Abstract

Automatic process monitoring is important for loss prevention in modern process industries. However, due to variations in equipment, organization, market and environment, the only constant in the processes is change. One chemical process generally experiences multiple operating modes. Process monitoring models built based on one mode might demonstrate high false alarm rate and therefore become useless in actual industrial applications. That is one of the root causes that have prevented many advanced process monitoring technologies from being widely accepted by the chemical industry. To overcome this issue, some multimode methods based on statistical models have been developed in the past twenty years. However, most of them can only be used for the modes that already exist in history.
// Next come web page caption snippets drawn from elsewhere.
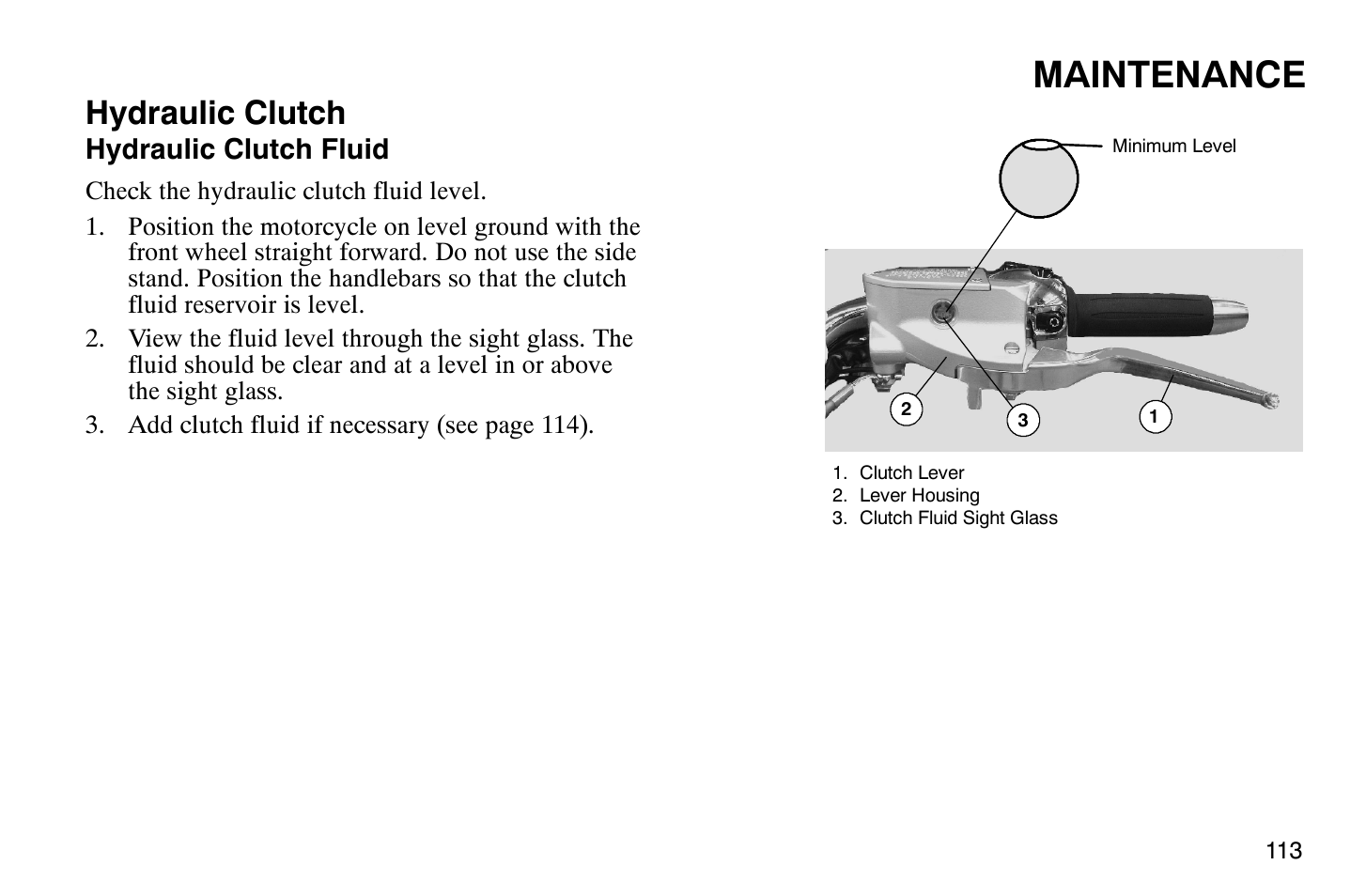 Maintenance, Hydraulic clutch | Polaris 2009 Victory Vegas User Manual | Page 118 / 178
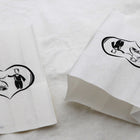 100 Pack Wedding Cake Bags Greaseproof Wax Paper Slice Take Home Favour Bride Groom in Heart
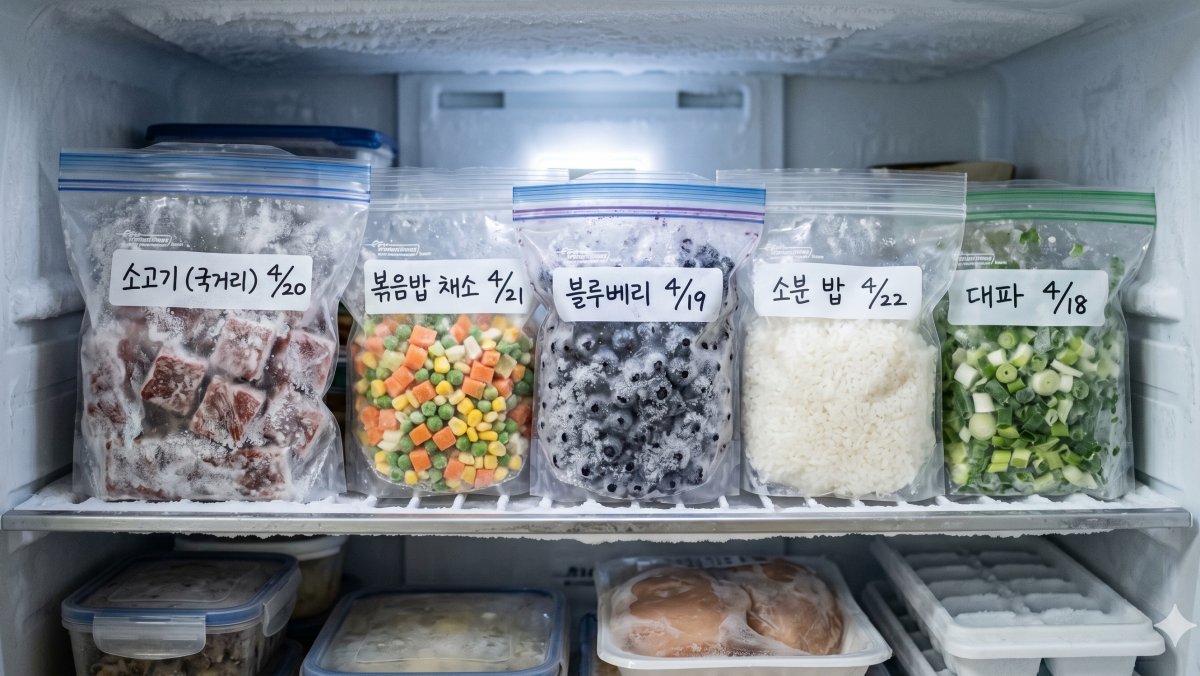 냉동실 지퍼백 바로 열지 마세요… 매일 쓰는 지퍼백 안전 사용법 총정리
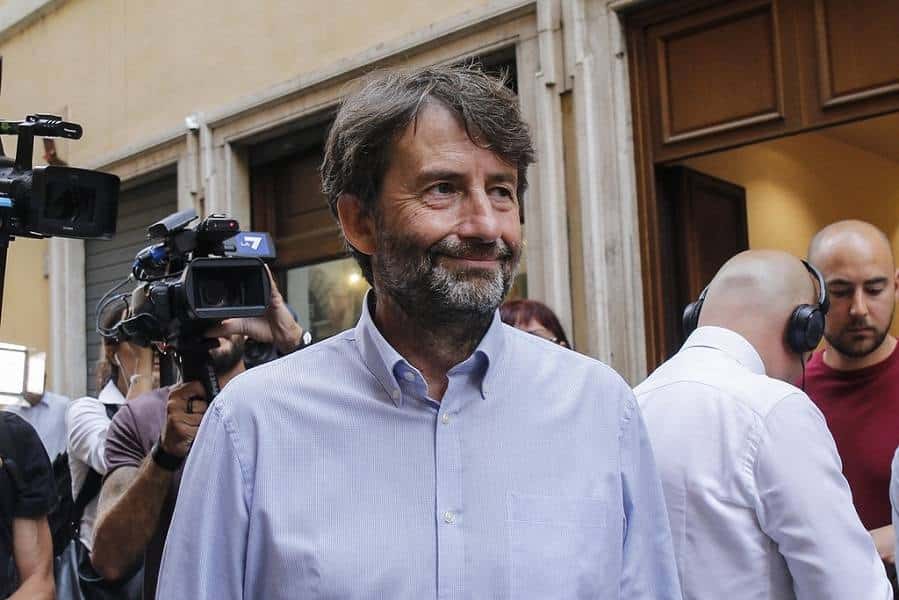 “Il ministro per i Beni culturali, Dario Franceschini”
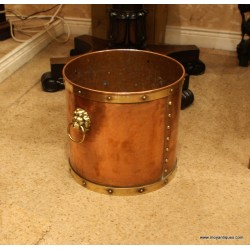 Heavy Copper Log Bucket SOLD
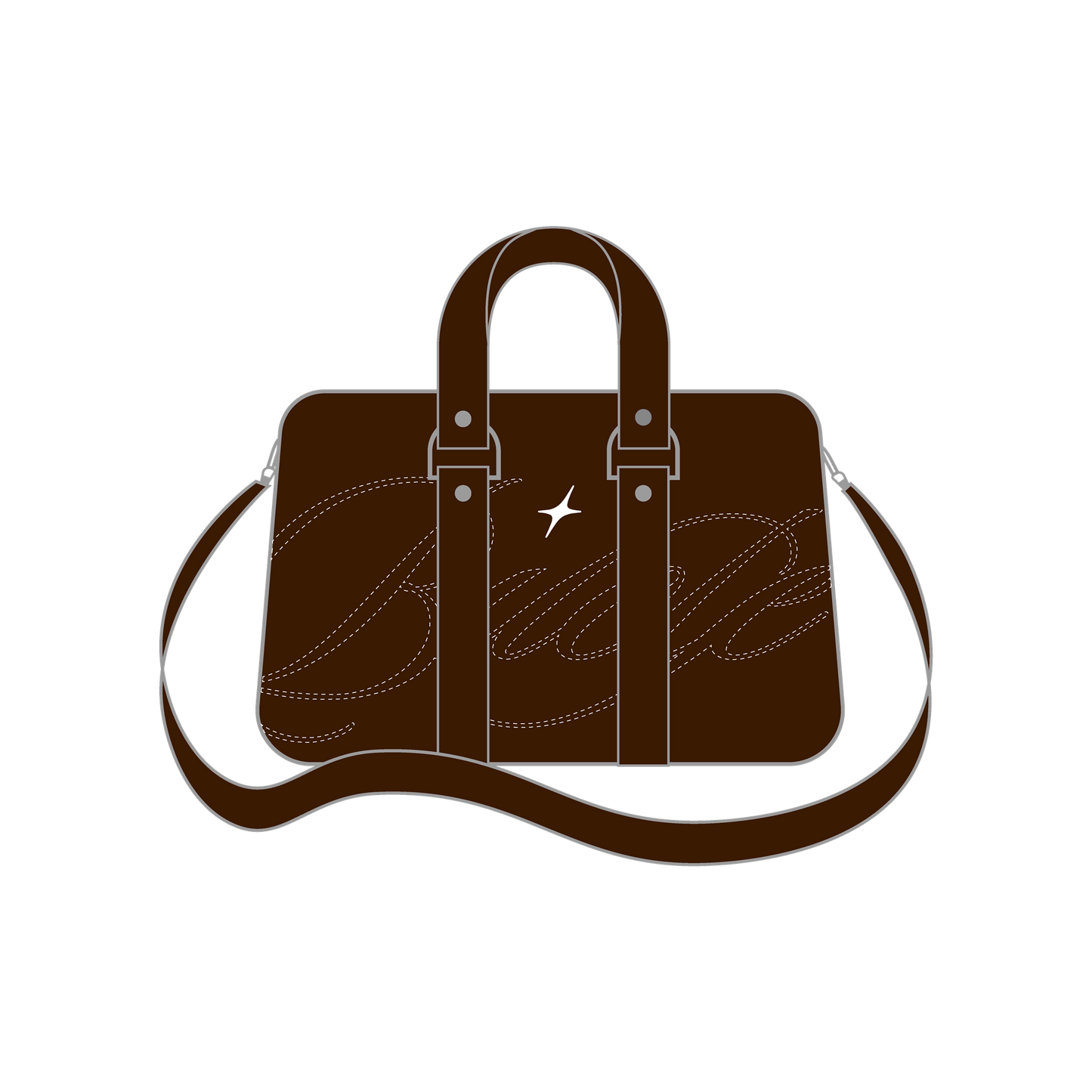 Boston Bag vintage brown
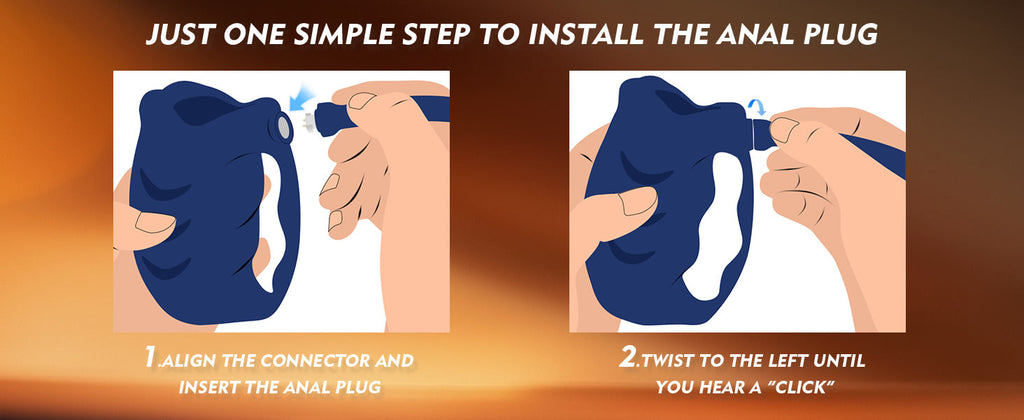 3 in 1 Penis Vibrator Male Masturbator with Detachable Butt Plug and Cock Ring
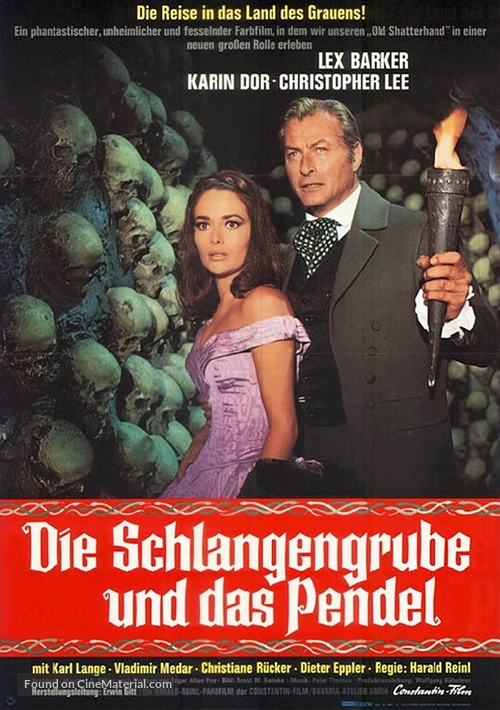 Die Schlangengrube und das Pendel - German Movie Poster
If the process operating condition shifts to a new mode that has never appeared before, the monitoring model inevitably fails. In this paper, a novel self-adaptive deep learning method based on local adaptive standardization and variational auto-encoder bidirectional long short-term memory (LAS-VB) is proposed for multimode process monitoring. In order to monitor the process under new operating modes, local adaptive standardization (LAS) is used to preprocess local moving window data and variational auto-encoder bidirectional long short-term memory (VAE-BiLSTM) is trained to detect the unstable deviation in the local moving window. Finally, the benchmark Tennessee Eastman process (TEP) is utilized to verify and illustrate the feasibility and efficiency of the proposed method. Compared with other multimode methods, our method shows its outstanding performance on the process monitoring task for new operating modes that never occurred in the process history.